Task material:

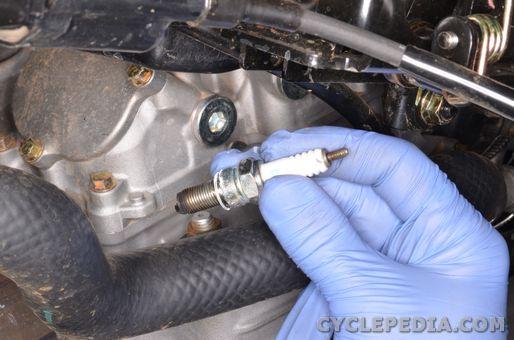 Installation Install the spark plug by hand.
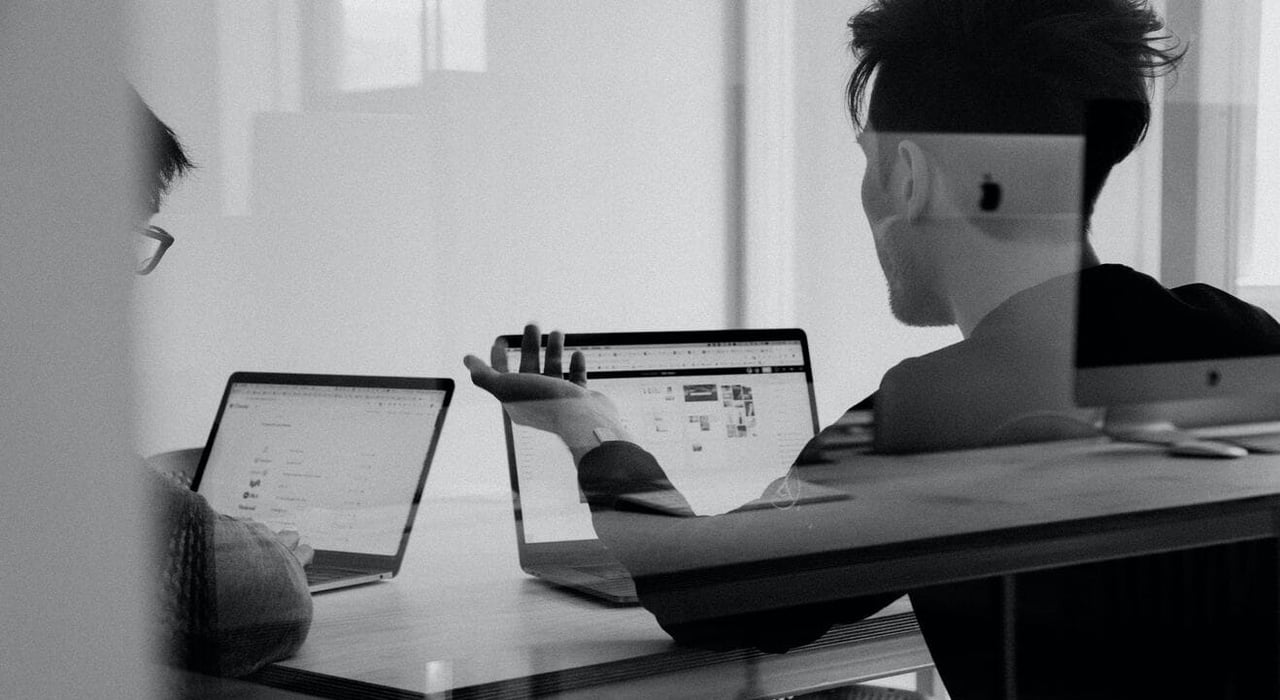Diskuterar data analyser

* * *

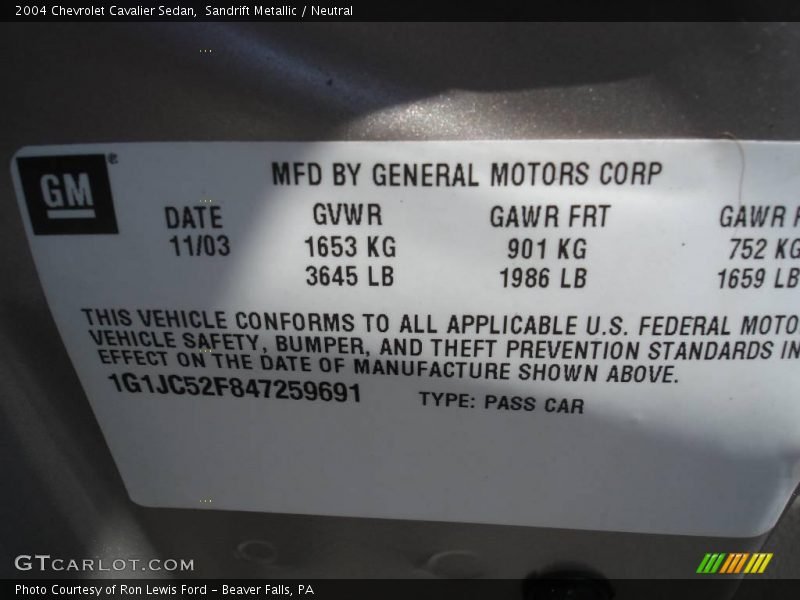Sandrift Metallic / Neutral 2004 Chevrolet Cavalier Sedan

Problem to work on:
Only one part of the material above is wanted: the lines from the one with "Installation Install the spark plug by hand." up to and including the one with "Diskuterar data analyser". Please copy them exactly, pictures left out.

Solution for this task:
 Installation Install the spark plug by hand.
Diskuterar data analyser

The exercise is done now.